Et à la fin, "Inna lillahi wa inna ilayhi raji'un." Nous venons d'Allah, nous avons été créés par Lui, et c'est vers Lui qu'on retournera. Et dans ce tableau immense de la création, j'ai envie de te demander où est-ce que tu te situes ? C'est vraiment magnifique, vraiment magnifique. Qu'Allah Ta'ala nous accorde la bonne vision, la bonne vue. Face de nous, des gens qui voient, qui voient toujours, qui savent voir et appliquer. Parce que voir seulement, ça suffit pas. Des gens qui entendent, qui écoutent et qui appliquent, qui voient et qui appliquent. À qui on enseigne quelque chose et qui applique. Des gens qui se perdent et qui reviennent vers Allah, qui demandent pardon et qui reprennent le cours des choses. Des gens qui voient du bien et qui le multiplient. Des gens qui voient des personnes qui ont besoin d'aide et qui les aident.
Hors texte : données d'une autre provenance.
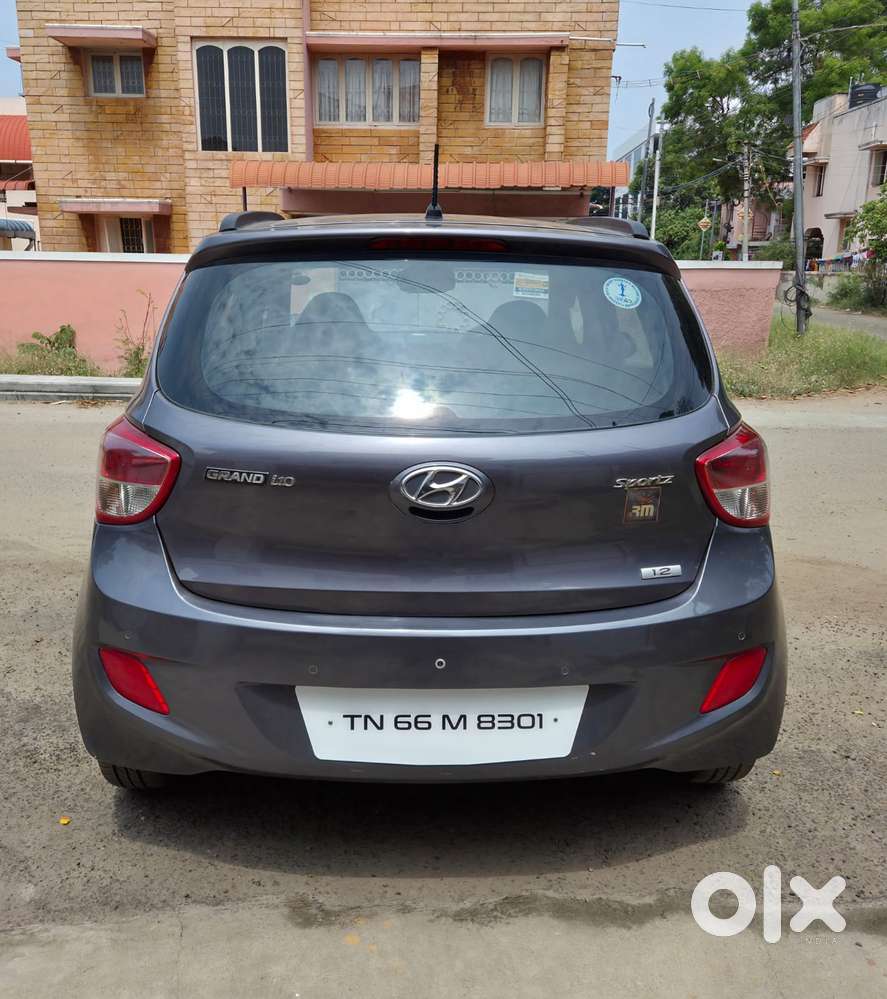 Hyundai Grand I10 1.2 Crdi Sportz, 2014, Petrol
Des gens qui contrôlent leur regard, qui assainissent leur relation avec les gens, qui assurent aux gens la sécurité de leur langue, de leur mains, de leur action, de ce qu'elles entendent, de ce qu'elles voient.
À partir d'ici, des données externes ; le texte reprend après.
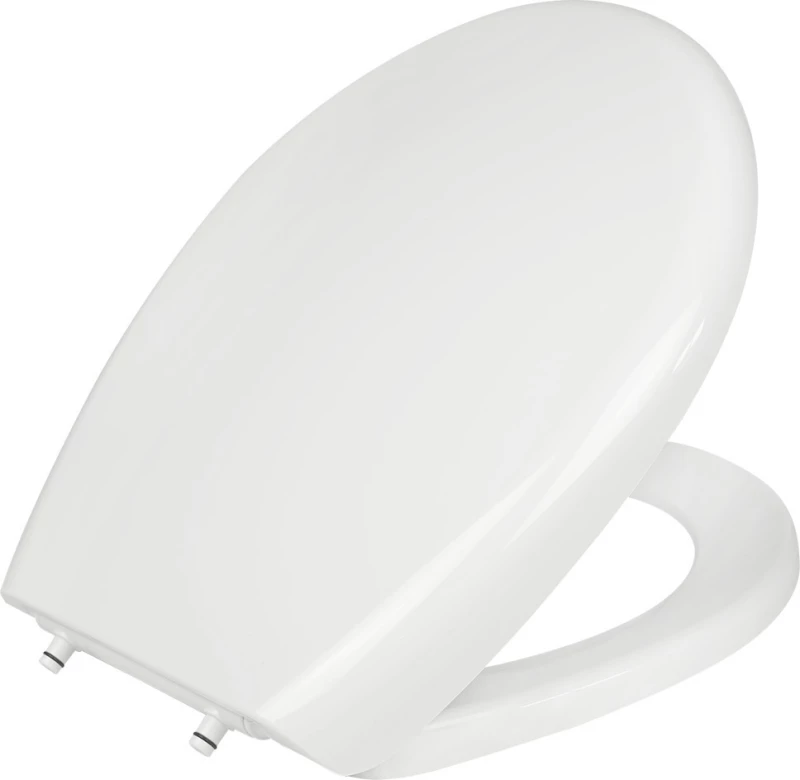 Elvit 0304 Καπάκι Λεκάνης Soft Close από Βακελίτη 41-45x36cm Λευκό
Qu'Allah accorde aussi aux gens qui veulent créer un foyer, qui veulent fonder un foyer, avoir une épouse, un époux, des enfants, une harmonie familiale. Qu'Allah l'accorde à toute personne qui est apte. Et qu'Allah rende tous ceux qui ne sont pas aptes. Et qu'Allah donne le rizq à tous ceux qui veulent entreprendre cette entreprise là, de la famille, de la vie en société. Qu'Allah assainisse notre, assainisse notre société, assainisse d'abord nos foyers, et assainisse d'abord notre cœur. Tu vois que Sourate An-Nour est partie vraiment de l'extérieur, puis après, il commence. Donc, c'est l'extérieur, la société, il rentre dans les maisons, il rentre dans la famille, il rentre dans l'intérieur de la personne, son cœur. Et après, il repart dans l'autre sens, il regarde les cieux, la terre, et il va repartir encore à l'intérieur des maisons et des cœurs. Et après, on va doucement aller vers, donc là, c'était la société, la vie en société, donc l'harmonie sociale. Et on va aller doucement, doucement, dans la fin de la sourate, dans l'harmonie du point de vue institutionnel, du point de vue politique, du point de vue de, de la hiérarchie. Parce que avant d'être discipliné avec un chef, avec, voilà, avec une vie politique, on va dire, et bien, il faut que la société, la micro-société, soit bien.
Qu'Allah nous exauce tout ça. Amin. Et je te dis à l'épisode suivant. In sha Allah.